Barulah pada waktu kemudian Semboro hadir sebagai produsen jeruk yang utama di Jawa. Produksi tananan yang surplus di Semboro dari waktu ke waktu adalah berkat kesuburan tanah dan kerja giat para petaninya.
Pertanian karenanya adalah kekayaan alam yang dijadikan sebagai pilar ekonomi kerajaan Kedawung dan juga Balambangan.
Menjadi Sima/Perdikan
Cukup alasan untuk menyatakan bahwa dalam kurun waktu amat pajang di masa lampau hingga kini Semboro dan sekitarnya telah menjadi daerah produsen pertanian, yang hasilnya bukan hanya untuk dikonsumsi sendiri (domistikasi), namun sebagian dijual serta didermakan (dhana-sambhara atau punya-sambhara).
Lantaran surplus pertanian itu, maka warganya memungkinkan untuk memenuhi iuran wajib (sambar, sambah) bagi pelaksaan upacara religis.
Pada Masa Hindu-Buddha, desa-desa surplus pertanian yang tiak jauh dari bangunan suci ditetapkan sebagai “desa sima (perdikan atau swatantra)” bagi bagunan suci bersangkutan.
Boleh jadi, konon Semboro memperoleh status “desa sima” untuk kepentingan upacara kegamaan. Sayang sekali prasasti yang memberitakan tentang kemungkinan itu masih belum diketemukan.
Peninjauan Ulang terhadap Peranda “Hari Jadi Jember”

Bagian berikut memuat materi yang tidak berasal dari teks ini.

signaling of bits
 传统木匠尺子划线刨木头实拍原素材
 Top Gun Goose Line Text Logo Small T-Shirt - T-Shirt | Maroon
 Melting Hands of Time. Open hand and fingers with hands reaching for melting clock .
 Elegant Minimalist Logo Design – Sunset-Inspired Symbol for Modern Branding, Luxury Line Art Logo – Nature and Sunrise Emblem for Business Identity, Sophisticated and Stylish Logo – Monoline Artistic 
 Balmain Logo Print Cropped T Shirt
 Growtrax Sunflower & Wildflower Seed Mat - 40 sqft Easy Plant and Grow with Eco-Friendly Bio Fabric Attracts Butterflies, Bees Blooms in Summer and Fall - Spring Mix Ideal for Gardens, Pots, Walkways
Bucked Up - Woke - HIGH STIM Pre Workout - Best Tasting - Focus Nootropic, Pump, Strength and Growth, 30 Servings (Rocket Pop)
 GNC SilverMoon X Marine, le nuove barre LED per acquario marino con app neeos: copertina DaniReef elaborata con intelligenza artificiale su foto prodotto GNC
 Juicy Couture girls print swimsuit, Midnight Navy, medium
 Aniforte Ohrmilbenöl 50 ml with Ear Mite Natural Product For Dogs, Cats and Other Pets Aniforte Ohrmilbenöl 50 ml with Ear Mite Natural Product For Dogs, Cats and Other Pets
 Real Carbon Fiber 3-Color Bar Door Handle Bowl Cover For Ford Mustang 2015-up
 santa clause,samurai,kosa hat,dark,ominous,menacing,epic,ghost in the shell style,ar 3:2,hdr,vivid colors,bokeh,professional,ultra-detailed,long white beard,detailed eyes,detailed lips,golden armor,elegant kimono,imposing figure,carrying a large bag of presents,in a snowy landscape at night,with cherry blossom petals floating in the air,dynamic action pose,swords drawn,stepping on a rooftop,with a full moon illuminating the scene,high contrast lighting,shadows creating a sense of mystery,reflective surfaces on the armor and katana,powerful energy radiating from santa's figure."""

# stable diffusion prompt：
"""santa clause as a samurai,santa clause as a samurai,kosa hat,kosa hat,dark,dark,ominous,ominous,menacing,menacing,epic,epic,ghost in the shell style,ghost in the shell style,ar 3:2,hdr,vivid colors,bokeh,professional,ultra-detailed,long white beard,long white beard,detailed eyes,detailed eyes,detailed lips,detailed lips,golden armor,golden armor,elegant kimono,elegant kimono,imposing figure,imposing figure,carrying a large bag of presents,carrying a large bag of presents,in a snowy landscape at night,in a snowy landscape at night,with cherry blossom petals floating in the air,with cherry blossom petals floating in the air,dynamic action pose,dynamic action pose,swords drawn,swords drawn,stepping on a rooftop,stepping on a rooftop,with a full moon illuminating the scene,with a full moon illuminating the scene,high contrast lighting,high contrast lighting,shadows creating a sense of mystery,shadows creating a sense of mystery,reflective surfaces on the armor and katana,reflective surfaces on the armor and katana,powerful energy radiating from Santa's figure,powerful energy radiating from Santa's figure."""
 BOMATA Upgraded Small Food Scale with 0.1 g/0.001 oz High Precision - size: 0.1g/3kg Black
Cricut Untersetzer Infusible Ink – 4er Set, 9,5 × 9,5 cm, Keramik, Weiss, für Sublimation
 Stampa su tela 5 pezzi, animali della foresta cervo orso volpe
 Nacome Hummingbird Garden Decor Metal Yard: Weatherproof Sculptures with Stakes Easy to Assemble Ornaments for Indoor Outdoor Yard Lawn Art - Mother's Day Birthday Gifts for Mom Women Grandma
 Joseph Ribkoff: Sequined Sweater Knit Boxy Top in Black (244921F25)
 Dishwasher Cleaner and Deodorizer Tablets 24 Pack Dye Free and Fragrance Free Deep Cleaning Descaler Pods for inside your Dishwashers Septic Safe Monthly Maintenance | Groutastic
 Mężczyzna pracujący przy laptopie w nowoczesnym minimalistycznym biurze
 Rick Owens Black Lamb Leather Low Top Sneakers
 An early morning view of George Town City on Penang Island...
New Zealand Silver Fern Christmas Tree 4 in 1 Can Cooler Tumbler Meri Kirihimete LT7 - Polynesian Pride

Menilik peran dan kontribusi sejarah Semboro dan sekitarnya, serta adanya kemungkinan nama “Jember” bermuasal dari “Sembar (Sembara, Sambara)”, maka patut untuk menjadikan Semboro sebagai “asal-usul daerah Jember”.
Ada baiknya Hari Jadi Jember yang diperingati tiap tanggal 1 Januari, yang latar kesejarahannya “kolonial sentris (zenosentris)”, untuk ditinjau ulang, divalsifikasikan, dan diganti dengan Peranda (Peraturan Daerah) Hari Jadi baru yang lebih “nasional sentris”.
Dalam kaitan itu, kesejarahan Balambangan dan Kedawung di daerah Semboro dan sekitarnya layak diperimbangkan untuk dijadikan muasal daerah Jember.
Hari Jadi yang kini diperingati, mendasarkan pada penetapan Regent (Kaboepaten) Jember. Jika dari penenuan Hari Jadinya demikian, seakan kelahiran Jember dibidani dan ditetapkan legal-formalnya oleh Pemerintah Hindia-Belanda.
Apa Jember tidak punya momentum historis lain yang lebih layak untuk dijadikan penanda Hari Jadinya selain 1 Januari 1929? Tentulah jawab nya adalah, “PUNYA”.
(Tamat 6/6)
Penutup
Demikian tulisan bersahaja ini dibuat, sebagai bahan diskusi dalam seminar “Sejarah Benteng Majapahit” di Desa Sidomekar Kecamatan Semboro Kabupaten Jember pada hari Minggu, 9 Desember 2018.
Unsur kata “Benteng” dijadikan kalimat judul seminar, lantaran desa ini memiliki situs “Beteng Boto Mulyo” yang historis. Nuwun.